Bay Village police collected DNA samples from several potential suspects in the case in December 2006. Author James Renner identified as a possible suspect a man who had worked in the Cleveland area as a science teacher, had volunteered at the Lake Erie Nature and Science Center, and whose former students alleged he had a pattern of inappropriate sexual comments. At the time of Amy's kidnapping the teacher drove a gold Oldsmobile car similar to that reported by witnesses at the kidnapping site, and a similar car was also reported near the place Amy's body was found. This teacher had connections to Bay Village and was raised in the area where Amy's body was found. The suspect also unexpectedly moved out of Ohio shortly after the Amy Mihaljevic kidnapping and murder, even neglecting accumulated pension benefits. Renner also reports how this teacher's friends and family had been interviewed by police in regards to possible connections to the Amy Mihaljevic case, and states the suspect had hired legal counsel in early 2007.

In late 2013, investigator Phil Torsney returned from retirement to work on the case, to which he had been assigned initially after the murder. Torsney is well known for aiding in the capture of Whitey Bulger, who was a long-time member of the FBI Top Ten Most Wanted. Torsney stated he believed Mihaljevic was transported out of Bay Village after she was kidnapped, as the town is "too dense, too close-knit, to be a likely place to commit murder." However, he stated that the murder likely took place in Ashland County, which the murderer was probably familiar with.

The FBI announced in March 2014 that a $25,000 reward is available to anyone who can provide information that leads to the arrest and conviction of the killer of Mihaljevic. In October, it was increased to $27,000.

In 2016, it was discovered a blanket and curtain near Mihaljevic's body had hairs similar to those of Mihaljevic's dog. They were possibly used to conceal the victim's body before she was left in the field.

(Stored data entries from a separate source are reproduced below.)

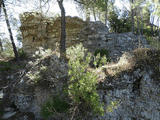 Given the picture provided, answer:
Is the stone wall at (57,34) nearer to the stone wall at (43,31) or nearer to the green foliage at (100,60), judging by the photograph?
the stone wall at (43,31)

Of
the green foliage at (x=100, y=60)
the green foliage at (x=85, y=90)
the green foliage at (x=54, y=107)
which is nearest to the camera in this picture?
the green foliage at (x=85, y=90)

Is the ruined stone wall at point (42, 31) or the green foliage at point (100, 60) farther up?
the ruined stone wall at point (42, 31)

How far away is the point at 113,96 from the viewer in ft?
13.3

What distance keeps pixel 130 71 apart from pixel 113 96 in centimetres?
103

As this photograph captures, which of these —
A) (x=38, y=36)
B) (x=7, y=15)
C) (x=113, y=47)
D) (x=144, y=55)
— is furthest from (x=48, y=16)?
(x=144, y=55)

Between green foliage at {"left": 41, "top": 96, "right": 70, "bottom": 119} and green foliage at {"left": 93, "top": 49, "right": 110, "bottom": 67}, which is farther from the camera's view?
green foliage at {"left": 41, "top": 96, "right": 70, "bottom": 119}

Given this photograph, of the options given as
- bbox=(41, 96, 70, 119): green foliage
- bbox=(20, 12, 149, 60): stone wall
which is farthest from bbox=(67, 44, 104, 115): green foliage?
bbox=(20, 12, 149, 60): stone wall

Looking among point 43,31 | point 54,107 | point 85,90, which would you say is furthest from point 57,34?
point 85,90

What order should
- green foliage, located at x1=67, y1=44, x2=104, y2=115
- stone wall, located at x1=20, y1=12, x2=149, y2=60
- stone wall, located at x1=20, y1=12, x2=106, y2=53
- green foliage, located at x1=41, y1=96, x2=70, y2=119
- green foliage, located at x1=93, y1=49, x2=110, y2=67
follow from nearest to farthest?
green foliage, located at x1=67, y1=44, x2=104, y2=115, green foliage, located at x1=93, y1=49, x2=110, y2=67, green foliage, located at x1=41, y1=96, x2=70, y2=119, stone wall, located at x1=20, y1=12, x2=149, y2=60, stone wall, located at x1=20, y1=12, x2=106, y2=53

In 2018, investigators were also following a potential link between identity thief Robert Ivan Nichols (alias Joseph Newton Chandler III) and the murder of Mihaljevic. In 2019, authorities stated that they have extensively investigated all suspects in the case and feel that if her killer were identified, he would likely be a part of their list.

=== 2021 update ===
On the 31st anniversary of discovering Mihaljevic's remains, a significant development in the case was announced. A man aged 64 was implicated by a former girlfriend. This is the school teacher who was identified as a suspect by Renner in 2008. The girlfriend alleged he was uncharacteristically absent from their residence the evening of the kidnapping, and she also noted they lived about a mile and a half from the abduction site. The man telephoned her late that evening, inquiring if she had seen media releases about the abduction. He was employed in the Bay Village, and his niece was in the same grade as Mihaljevic.

Police interviews with the man included what a detective described as "very suspicious statements", including saying he had met Amy Mihaljevic's mother at a bar, and admitting he may have contacted the girl by telephone before her disappearance. His DNA was obtained without protest, and he later failed a polygraph test. A warrant to search a storage facility led to authorities confiscating items of interest.

Additionally, the two individuals who witnessed the kidnapper lead Mihaljevic into his vehicle identified the potential suspect's image out of photo line-ups conducted in May 2020. The vehicle itself was consistent with the suspect's known vehicle in 1989, including the fact its carpeting was similar in coloration to the fibers on Mihaljevic's body. A vehicle of the same make and model had been observed near the body's dumpsite on February 8, 1990, when the victim's body was recovered along a roadside.

==Aftermath==
In response to her daughter's death, Mihaljevic's mother, Margaret McNulty, co-founded the Community Fund for Assisting Missing Youth, which aimed to educate children about stranger danger. McNulty died in 2001 from complications of alcoholism at the age of 54.